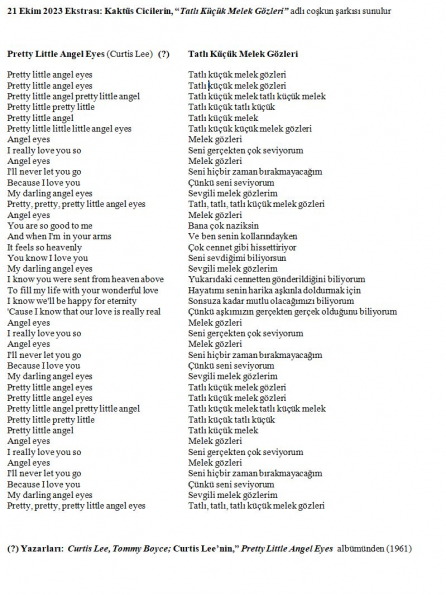 109 numaralı yorumum Ekstrası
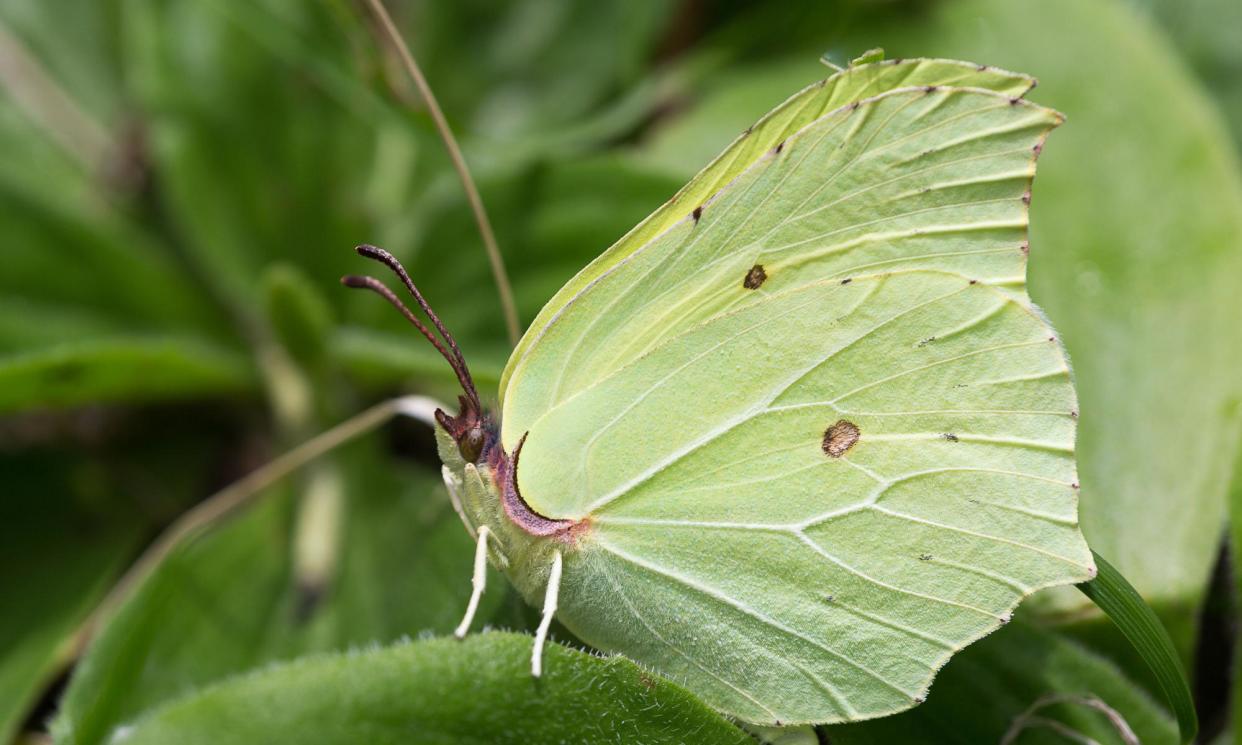 <span>A male brimstone butterfly. ‘This year, I saw one in Surrey on 15 February alongside the blossoming blackthorn and cherry plum.’</span><span>Photograph: Living Levels Photography/Alamy</span>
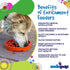 Sun and Moon Shallow Slow Feeder Dog Bowl for Enrichment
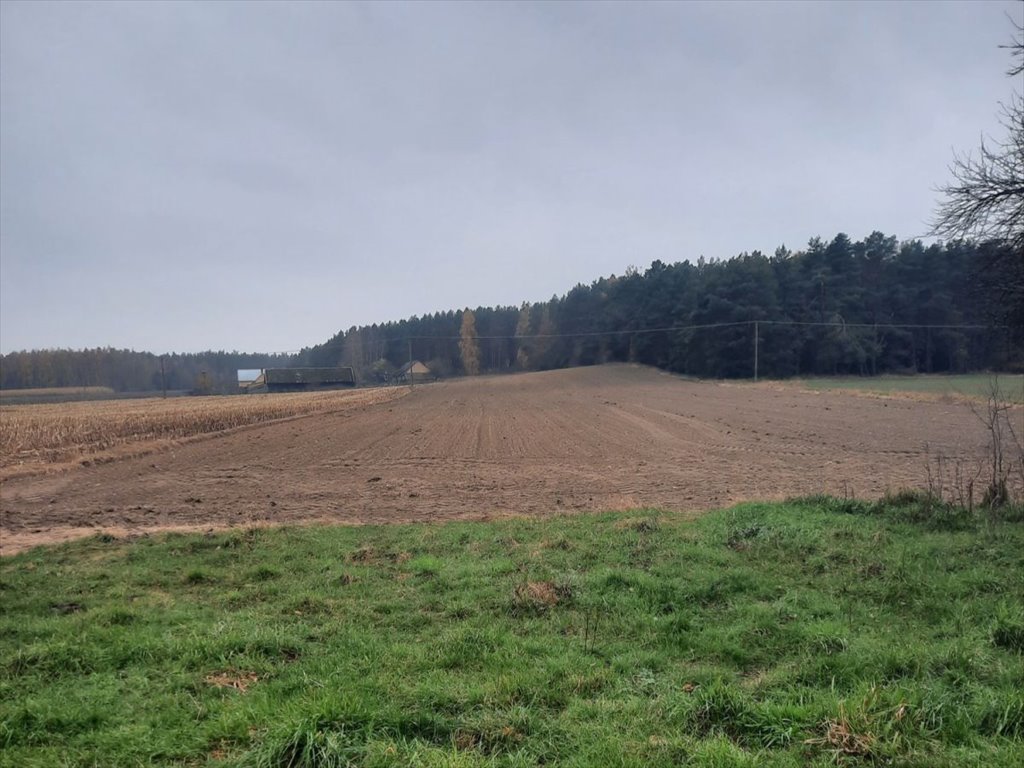 Działka siedliskowa na sprzedaż Knyszyn  71 131m2 Foto 1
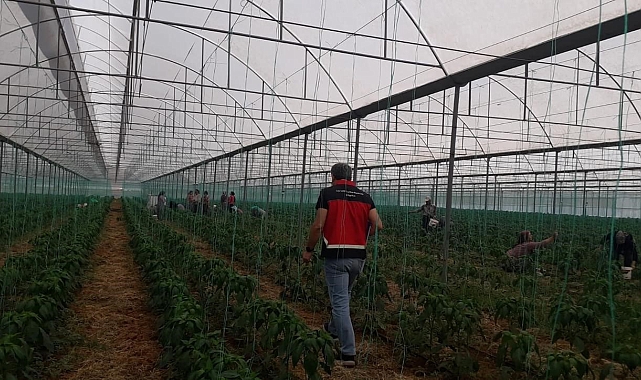 Gazipaşa'da Akdeniz meyve sineği ile mücadele başlatıldı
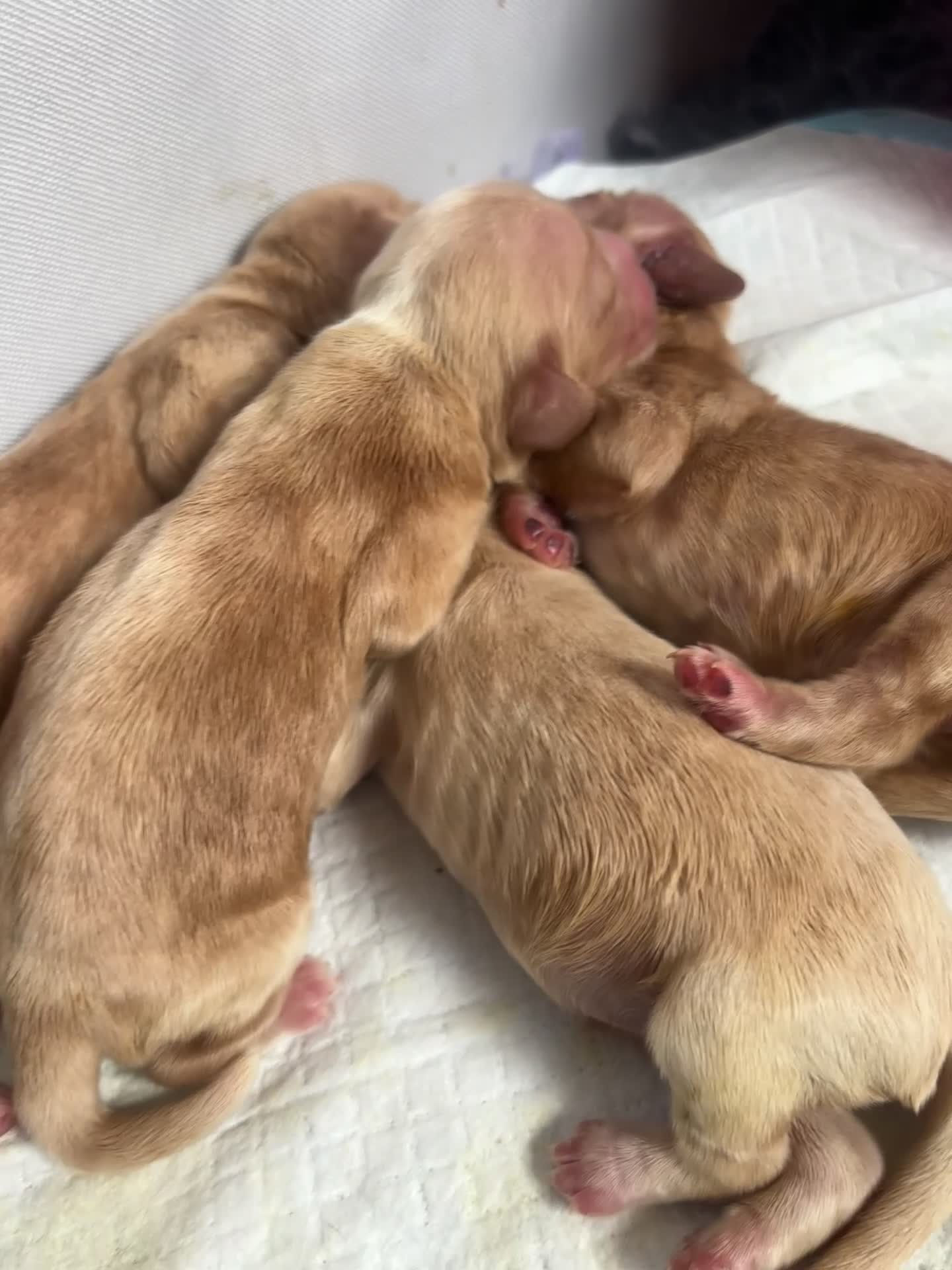 Cocker Spaniel dogs for sale: KC REGISTERED SHOW COCKER SPANIELS  - Video 4
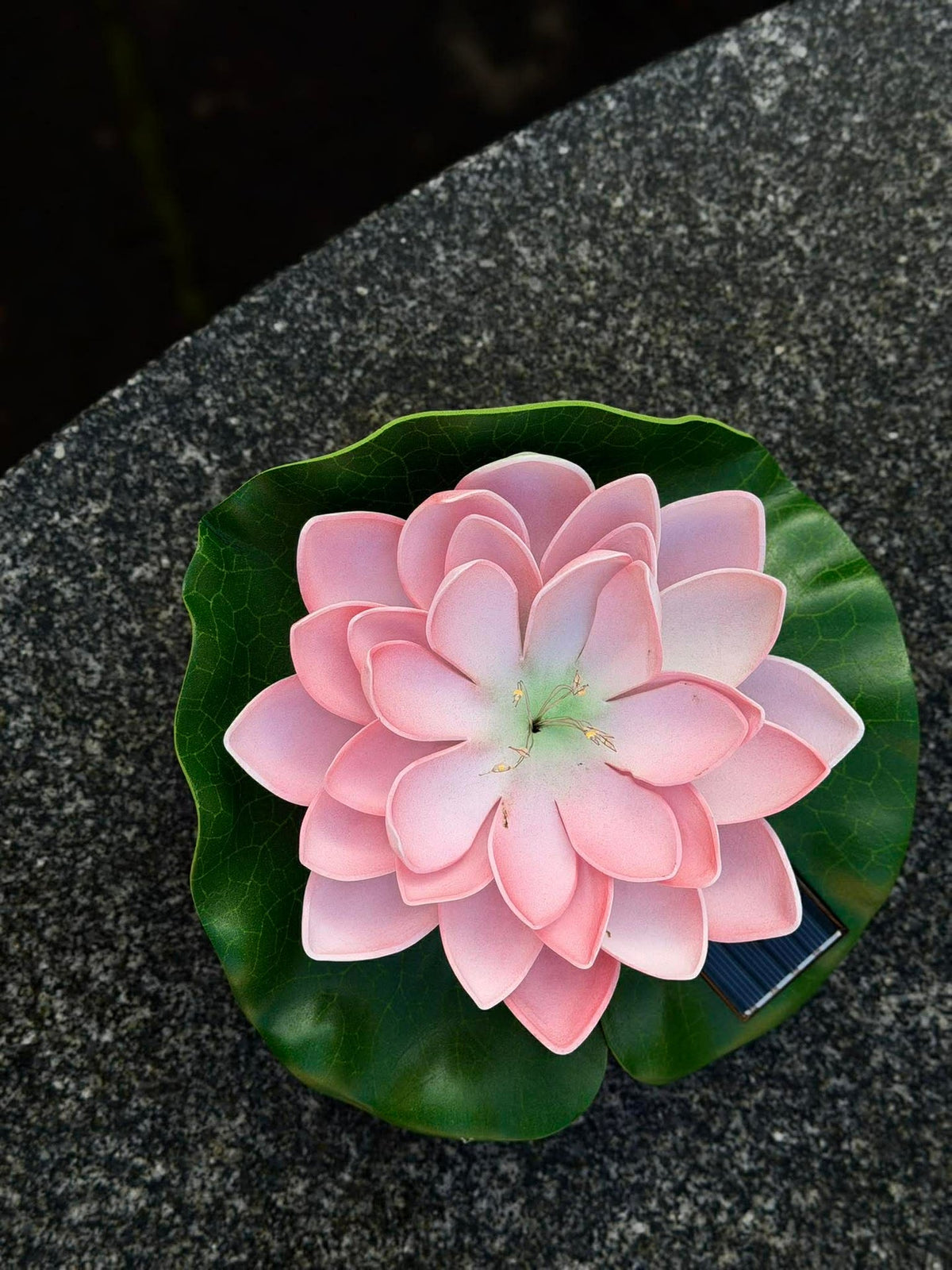 Solcelle LOTUS – Rose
+--
WHAT THE EXERCISE ASKS
If a line falls between the first line of the records above and the line containing "Sun and Moon", inclusive, retype it exactly; leave pictures out.

EXPECTED ANSWER
 109 numaralı yorumum Ekstrası
 <span>A male brimstone butterfly. ‘This year, I saw one in Surrey on 15 February alongside the blossoming blackthorn and cherry plum.’</span><span>Photograph: Living Levels Photography/Alamy</span>
 Sun and Moon Shallow Slow Feeder Dog Bowl for Enrichment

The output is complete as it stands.